WITH A USER BASE OF ~720MN, ANY CHANGE BY APPLE IS GOING TO IMPACT MARKETING STRATEGIES GLOBALLY.
How is the industry trying to solve it?
Apple’s SkAdNetwork
Advertisers register their ads with Apple to be displayed to users, and if a user engages with the campaign, the advertiser gets notified that their campaign was successful. This delivers the most stringent privacy capability while still allowing some form of ad targeting. There are multiple limitations to this: No real-time data [24-48 hours lag], ads displayed in non-Apple media platforms isn’t supported, Apple will be sole proprietors of all data generated through their SkAdNetwork.
Email Hash – MD5S
An email address converted into “a 32-character hexadecimal string processing sensitive consumer information” down a one-way street that cannot be tied back to an individual.
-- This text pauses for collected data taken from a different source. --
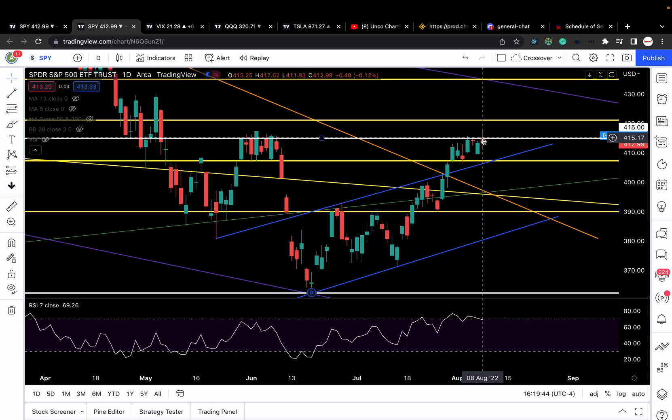If we can clear 415, this could be a sign of more upside. If we break 407, this is a sign of more downside. Anything in between is just chop and trappy moves. In between 415 and 407, I have levels at 413, 412, 410, and 408.5. Please add those levels to your charts as well — good pivot points.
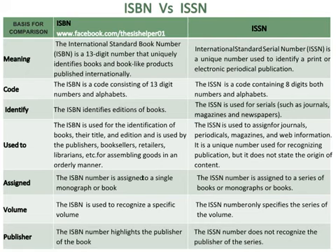The ISBN is used for the identification of books, their title and edition, and is used by the publishers, booksellers, retailers, librarians, etc., for assembling goods in an orderly manner. Whereas the ISSN is used to assign for journals, periodicals, magazines and web information. It is a unique number used for recognising publication, but it does not state the origin of content.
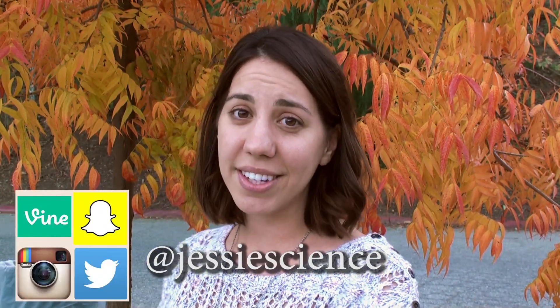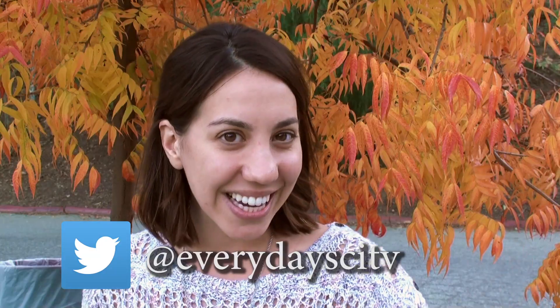If you want to send in some experiments, I'm going to be doing a lot more interactive stuff. I just changed my handles to at jessiescience, and I'm also on Twitter as at EverydaySciTV. Let me know what you think and comment in the comment section below. Subscribe if you're not subscribed, and thanks so much for watching. Bye!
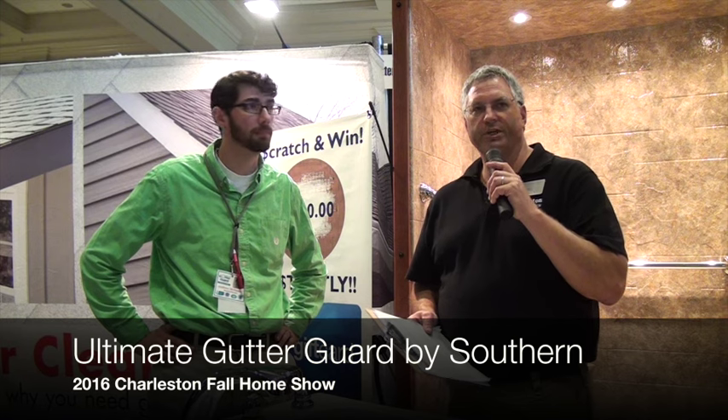I'm Tim Barkley with Charleston Home and Design Magazine, and now we're talking with Andrew Magali with Ultimate Gutter Guard by Southern. How you doing Andrew? Fantastic. So your name is Ultimate Gutter Guard by Southern, but I see quite a few other products here. Are you known for other products besides your Gutter Guards?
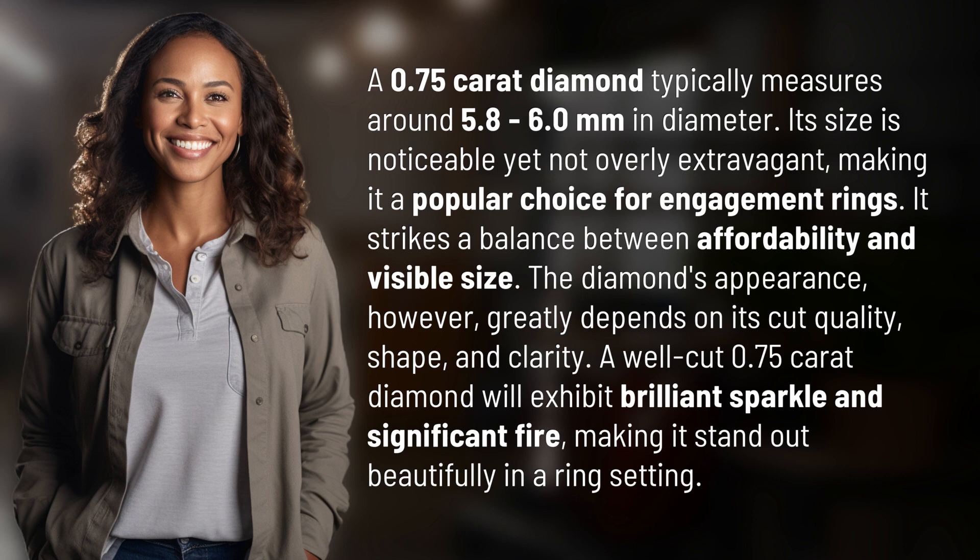It strikes a balance between affordability and visible size. The diamond's appearance, however, greatly depends on its cut quality, shape, and clarity. A well-cut 0.75 carat diamond will exhibit brilliant sparkle and significant fire, making it stand out beautifully in a ring setting.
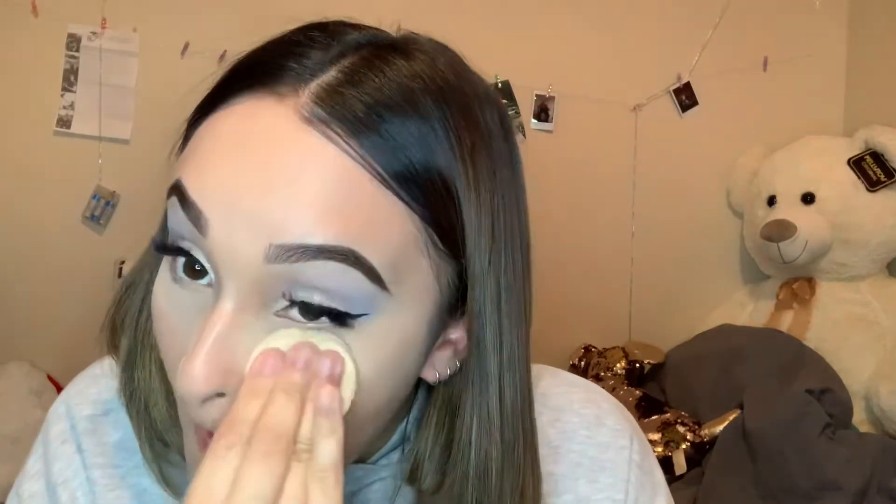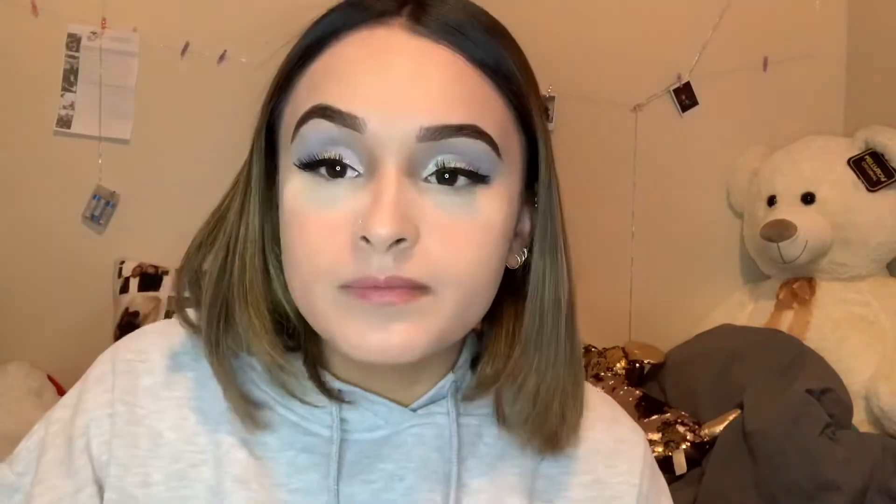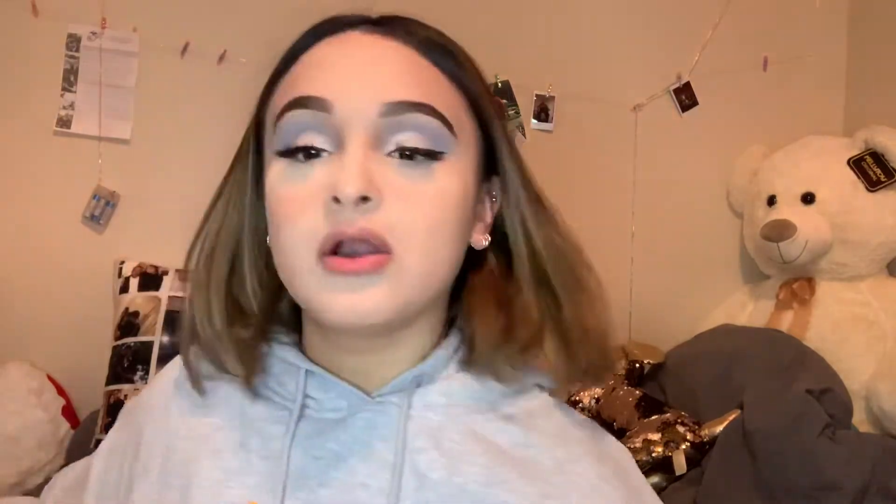Using the Fit Me pressed powder in shade 120 Classic Ivory to set. I do this before my bronzer because I crease a lot around my mouth. It looks crazy at first but then you brush it all off with a big powder brush — and there you go.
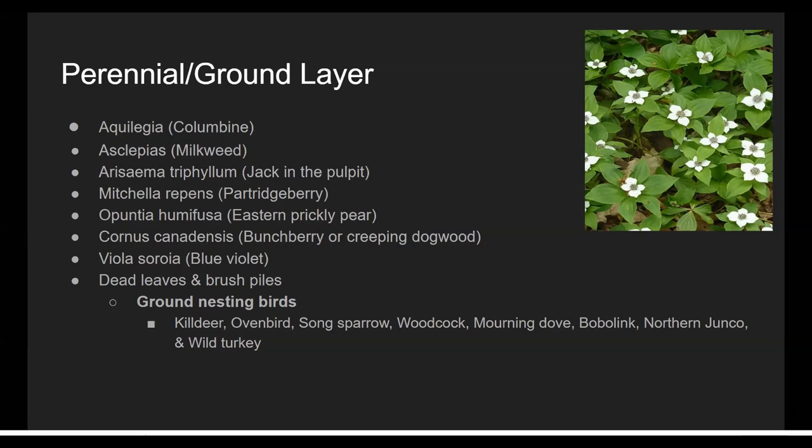Ground nesting birds — killdeer, ovenbird, song sparrow, and mourning dove — make their nests in those perennials and in the ground layer. Also part of the ground layer are brush piles and dead leaves. Dead leaves are material for nests, and lightning bugs actually lay their larvae in dead leaves, so you'll have a ton of lightning bugs next season if you leave them. Brush piles, dead leaves, and twigs offer habitat for insects like local bees and beetles, which will also overwinter in them.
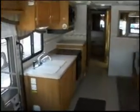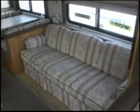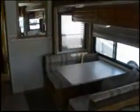It also comes with a Winegard satellite, a cloth upholstered sofa bed, reclining chair, and the convertible dinette.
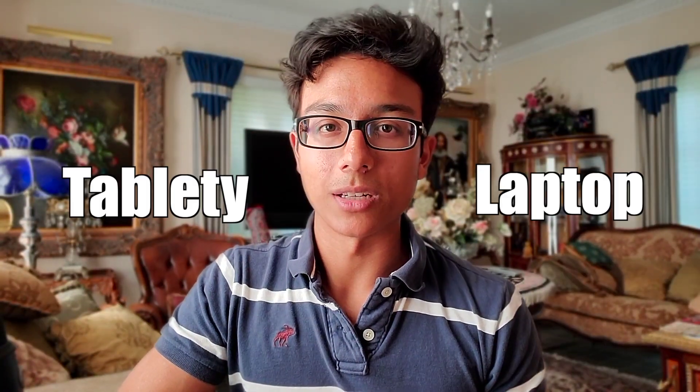Alright, this is a laptop that I truly respect. May I introduce to you the tablet-laptop, the Microsoft Surface Pro 7. Let's go over the raw stats.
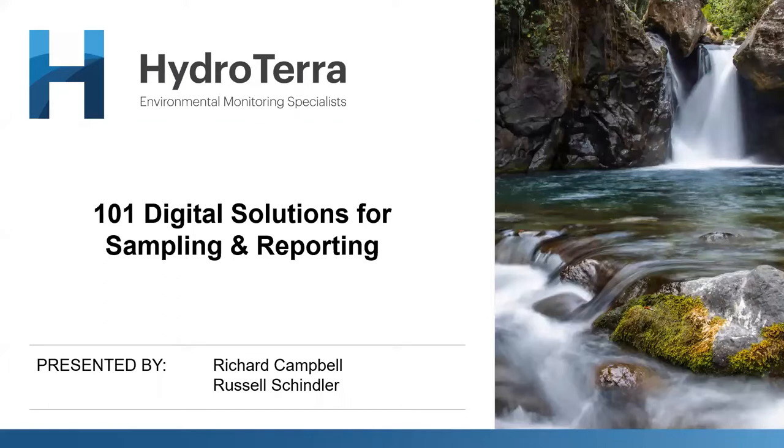Well hello everybody and welcome to 2022. This is our first webinar series — the Hydroturra webinar series for this year — and it's great to have you all here. Many thanks for joining. Today's topic is around digital solutions for sampling and reporting, and we're joined by Russell Schindler from a company called SampleServe, who have a lot of expertise in designing software for helping with your field sampling and reporting.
This makes it a privacy-focused identifier that can securely link data to create anonymous user profiles, but is still able to target consumers with highly personalized ads.
Fingerprinting
Fingerprinting collects mobile device attributes like IP addresses, device types, software versions, and more, and uses them to create a “signature” that probabilistically identifies a device. That same signature is collected both on the click and when the advertised app is launched. Then the two are matched, with some statistical error.
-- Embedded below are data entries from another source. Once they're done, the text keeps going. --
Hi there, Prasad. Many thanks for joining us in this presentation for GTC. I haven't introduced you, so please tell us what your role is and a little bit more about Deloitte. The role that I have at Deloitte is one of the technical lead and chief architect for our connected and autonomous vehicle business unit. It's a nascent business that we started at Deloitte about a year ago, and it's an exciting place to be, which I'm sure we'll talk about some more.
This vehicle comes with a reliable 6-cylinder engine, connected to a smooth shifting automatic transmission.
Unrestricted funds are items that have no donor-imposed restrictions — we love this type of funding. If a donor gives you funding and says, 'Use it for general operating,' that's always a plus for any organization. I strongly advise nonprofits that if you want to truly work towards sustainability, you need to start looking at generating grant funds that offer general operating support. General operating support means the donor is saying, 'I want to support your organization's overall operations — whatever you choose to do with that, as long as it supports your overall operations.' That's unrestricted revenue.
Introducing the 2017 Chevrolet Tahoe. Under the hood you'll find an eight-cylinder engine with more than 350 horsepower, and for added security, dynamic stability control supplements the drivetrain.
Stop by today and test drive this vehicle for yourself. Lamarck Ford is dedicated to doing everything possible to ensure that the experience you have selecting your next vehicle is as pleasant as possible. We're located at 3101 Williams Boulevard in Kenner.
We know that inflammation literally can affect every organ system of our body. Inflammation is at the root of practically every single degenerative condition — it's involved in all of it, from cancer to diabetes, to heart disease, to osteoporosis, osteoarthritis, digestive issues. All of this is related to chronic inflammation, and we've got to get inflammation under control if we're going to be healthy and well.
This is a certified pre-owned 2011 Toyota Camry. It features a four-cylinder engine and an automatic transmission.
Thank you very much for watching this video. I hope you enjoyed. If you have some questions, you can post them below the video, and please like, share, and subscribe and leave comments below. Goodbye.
What is changing with the IDFA?
Apple announced that with the upgrade to iOS 14 (early 2021), IDFA will NOT be available by default for advertisers unless users explicitly opt-in. Multiple surveys, focus groups and research predict an opt-in rate in the range of 10-20% – a nightmarish proposition for marketers and advertisers.
The world without IDFA – What’s the impact?
Last-Touch and Multi-Touch Attribution Models – Incomplete customer journeys
Mobile attribution providers use IDFA to identify a device and link to an action such as a mobile app install.
Fraud Prevention – Fraudulent attribution
Fraud prevention solutions rely on ad identifiers to ensure the accuracy of advertising attribution. Some types of fraud can be reduced with IDFA.
Campaign Optimization – Lower marketing efficiency
Ad networks and marketers rely on their ability to link an ad campaign to a particular user in order to understand how their campaigns are performing.
Retargeting – Unable to do focused targeting
Retargeting works to target a specific segment of users (Example: people who added an item to a cart, but did not make a purchase.) These segments are then pushed to ad platforms dedicated for retargeting in order to bring people back into the app.
Conclusion:
Privacy continues to be an important focus for Apple and this move to ban IDFA is part of that strategy. Marketers remain divided on the impact. The future will look at any of these industry solutions taking shape and/or some creative marketing strategies such as lookalike modeling or contextual marketing. Apple first announced these iOS privacy updates in June 2020 and have delayed implementation until early 2021 for marketers to prepare.